[WHAT YOU NEED TO DO]: Print all the data that follows exactly, images excluded.

Top of DATA BLOCK

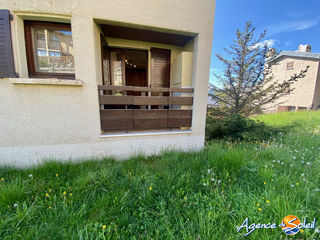  Appartement � vendre 1 pi�ce 22 m�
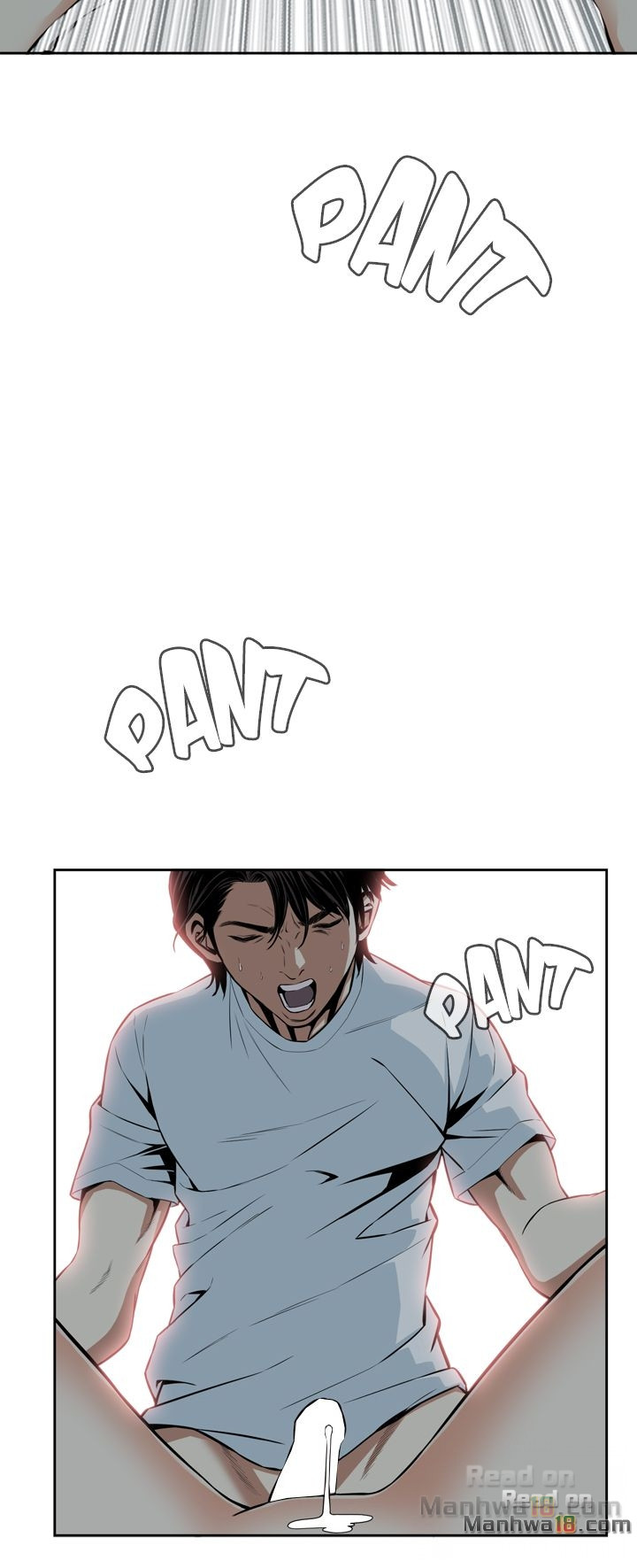 Take a Peek Chapter 14 Page 28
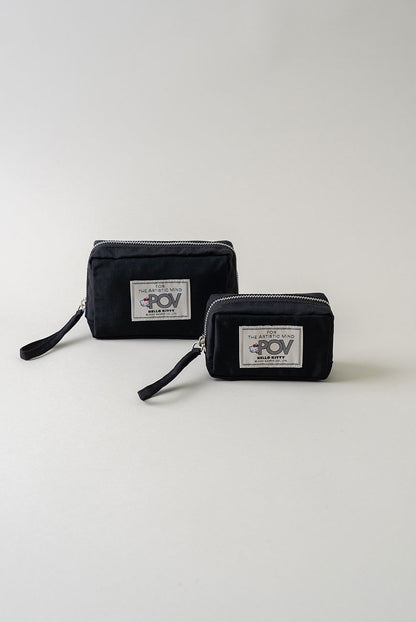 Hello Kitty Keep Box Pouch 收納袋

Bottom of DATA BLOCK

[SOLUTION TO THIS EXERCISE]:
  Appartement � vendre 1 pi�ce 22 m�
 Take a Peek Chapter 14 Page 28
 Hello Kitty Keep Box Pouch 收納袋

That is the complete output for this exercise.